# polishing shell casings



## cybermania (Apr 22, 2006)

polishing shell casings is pretty straight forward with the walnut media and corn cob media but what are some of the methods some of you use to polish/clean those dirty filthy ones? Come on, give up some of those secrets its only the internet.......I wont tell.....I promise....:bounce:


----------



## davidb (May 10, 2006)

Wipe down with Neverdull is usually all that's needed as I don't use range cases. Soak in liquid cleaner to get the inside about every other loading..

If I did big batches for an automatic then I would use the polisher more.


----------



## beachrat (Mar 12, 2005)

i use nu-finish car polish in my crushed walnut, comes out clean and shiny


----------



## Pocketfisherman (May 30, 2005)

I put two capfuls of Hopps Number nine nitro solvent in with the walnut media and it cuts the tumbling time in half.
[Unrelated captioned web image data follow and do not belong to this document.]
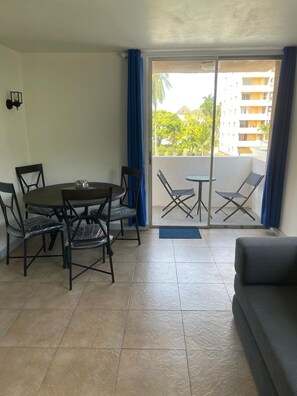A room with a dining table and chairs, a sofa, and a balcony with a view of buildings and trees. - Fresher Breeze, your home from home in the heart of the beautiful Ocho Rios (St Anns)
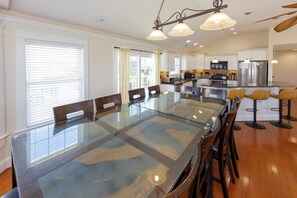 A modern kitchen with stainless steel appliances, a glass dining table, and wooden flooring. - Absolut Paradise - 8 bedrooms private pool, hot tub (Virginia Beach)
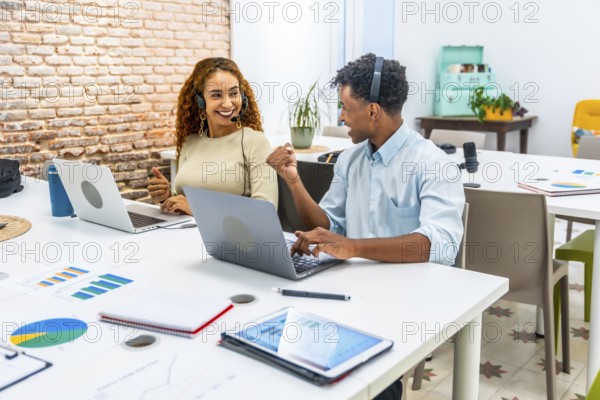 Two smiling multiracial coworkers wearing headsets, collaborating and working on laptops at a modern office desk, celebrating success and teamwork in a customer support environment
DO NOT use copper bore solvent cleaner. It has ammonia and will leach the copper out of the brass severely weakening it.


----------



## Timemachine (Nov 25, 2008)

davidb and beachrat ...... yep.

X2


----------



## cybermania (Apr 22, 2006)

yep..... heard of the nu-finish thing before.....have to give it a try.....i cut bounce fabric softner sheets into one inch squares.....cuts down on the dust .....


----------



## Ernest (May 21, 2004)

Just got done doing 3000 5.56/.223 rangers from an outdoor location. 

Walnut to clean the filth. Corncob to shine. Buy the walnut as lizard litter at Petco/Petmart. 
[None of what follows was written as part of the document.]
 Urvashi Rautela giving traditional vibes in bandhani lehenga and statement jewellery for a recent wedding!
I cleaned with the walnut, fired the brass, and then next round thru, used the corn cob for that gold luster. 

For stains/dark brass, try Lemonshine. Dishwasher product with citric acid. Turns them a bit pink but removes the tranish. Also pretty effective in cleaning carbon.


----------



## Bantam1 (Jun 26, 2007)

I just toss a cap full of Flitz metal polish in with my media. It seems to do the trick. Personally I toss the really bad looking range brass out. If I pick it up and its pretty bad looking then I won't take it.


----------



## cybermania (Apr 22, 2006)

the ugly ones just need more love.........


----------



## B-Money (May 2, 2005)

T's told me to use a little Brasso. It works ok.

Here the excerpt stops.